Pero la idea de que tendré la vida cotidiana todos los días de mi vida me aterroriza.

Una vez que tienes una vida de viajes, es difícil volver atrás. Y una vez que haya obtenido este estilo de vida, en gran parte se convierte en una cuestión de "perseguir al dragón" para superarlo. He hecho puenting desde la Torre de Macao, el salto más alto del mundo. ¿A dónde voy desde ahí? Solo hay paracaidismo. He hecho yoga en la cima de una montaña desierta en la isla Lamma en Hong Kong. De alguna manera, el piso de mi sala de estar simplemente no lo corta ahora. Estuve en Berlín para el vigésimo aniversario de la caída del Muro. Difícilmente puedo imaginarme ningún otro aniversario eclipsando las emociones que vi y sentí esa noche. He comido innumerables entradas no identificables en Japón (y algunas que se identificaron que desearía no haber sido). ¿Ese nuevo restaurante de sushi que abrió en mi vecindario en las afueras de Pittsburgh? Prefiero pasar que decepcionarme.

No es que ninguna de estas cosas sea mala. Lejos de eso, de hecho.

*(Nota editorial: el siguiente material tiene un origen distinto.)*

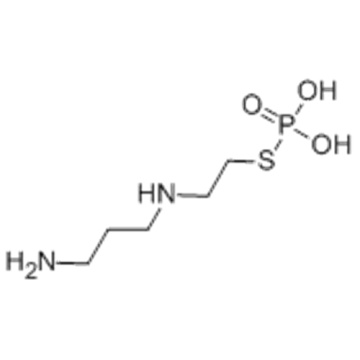 Ethanethiol, 2 - [(3-aminopropyl) amino] -, 1- (dihydrogénophosphate), hydrate (1: 3) CAS 112901-68-5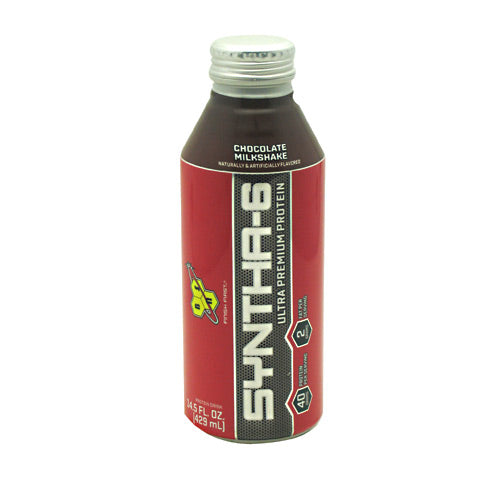 BSN Syntha-6 RTD 14 oz - Chocolate Milkshake - 14.5 fl oz - 00834266106042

Son reconfortantes, familiares y forman parte de la vida cotidiana que me ha dado forma. Si mi experiencia de viaje ha proporcionado picos montañosos en mi vida, mi vida cotidiana me ha dado las constantes mesetas para apreciar aún más esas montañas.

Pero la idea de que tendré la vida cotidiana todos los días de mi vida me aterroriza. Quiero atardeceres en India y amaneceres en Perú. Quiero tormentas de nieve en Finlandia y olas de calor en Sudáfrica. Quiero pappardelle en Toscana y pan de anis en Perú. No quiero alcanzar el estado de "viajero veterano" a los 30 años aproximadamente; Lo quiero a los 70.

Viajar nos vuelve codiciosos, no de cosas, sino de experiencias. Somos coleccionistas; el problema es que no tenemos casos que llenar ni premios que ganar. No hay ningún punto en el que podamos proclamar: “¡Terminado! ¡He conseguido todo lo que puedo! " porque no hay una línea de meta.

Si mis días de viaje finalmente llegan a su fin, me preocupa que mi pasión por los viajes no lo haga. Es tremendamente difícil sobrevivir con uno sin tener el otro. Seré como esos atletas que siempre están contando sus días de gloria en la universidad o en la escuela secundaria. Pero en lugar de ese pase de touchdown ganador, estaré repitiendo sin cesar la historia de la vez que un francés al azar me besó bajo la Torre Eiffel porque le gustaba mi cabello (o eso deduje con mi horrible francés y su inglés roto) ... o la vez que me encontré al azar con Chris O'Dowd mientras caminaba por Regent Street en Londres ... o la vez que le di biberón a un cordero en el set de El Señor de los Anillos en Nueva Zelanda.

Si el pasado que dejas atrás consiste en un camino maravillosamente errático por todo el mundo, ¿cómo no estar plagado de nostalgia sin cesar?